Definition PageRank Centrality
PageRank centrality is calculated using the following formula: \[ r_i = \alpha \sum_{j=1}^N \frac{W_{ji}}{\sum_{k=1}^N W_{jk}} r_j + (1 - \alpha)\frac{1}{N} \] where:
- \( r_i \) is the PageRank score of node \( i \),
- \( \alpha \) is the damping factor (\( \alpha = 0.85 \)),
- \( W_{ij} \) is the weight of the edge from node \( i \) to node \( j \),
- \( \sum_{k=1}^N W_{kj} \) is the total outgoing weight from node \( j \),
- \( N \) is the total number of nodes in the network.
Calculating PageRank
The PageRank algorithm, developed by Larry Page and Sergey Brin, is a fundamental method for measuring the importance or authority of nodes within a network, particularly web pages. It interprets links as "votes" where a link from an important page carries more weight. The algorithm uses an iterative process to assign a numerical weight to each element of a hyperlinked set of documents, aiming to establish their relative importance.

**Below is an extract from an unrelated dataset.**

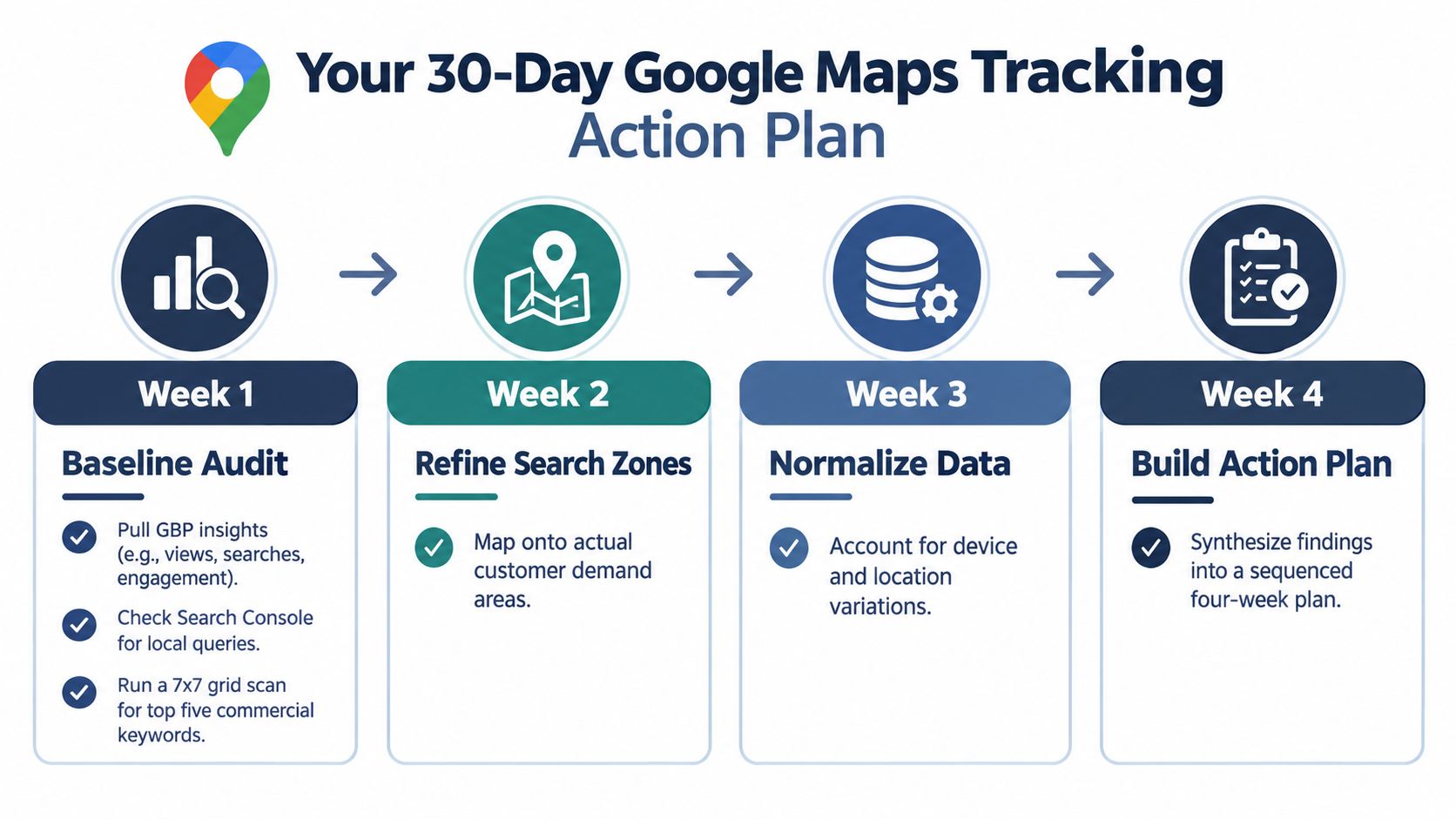 A flowchart outlining a 30-day action plan for tracking Google Maps performance using a four-week structure.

1. Data Extraction and Graph Setup
The first step involves preparing the input data, which represents a directed weighted graph. An input DataFrame, TN_t_c, contains columns for reporterISO (source country), partnerISO (destination country), and W_ij (the weight of the link). Let \( N \) be the total number of unique countries (nodes) in our network. Each country is assigned a unique integer index from \( 0 \) to \( N-1 \).
2. Initializing and Populating the Weighted Adjacency Matrix \( \mathbf{W} \)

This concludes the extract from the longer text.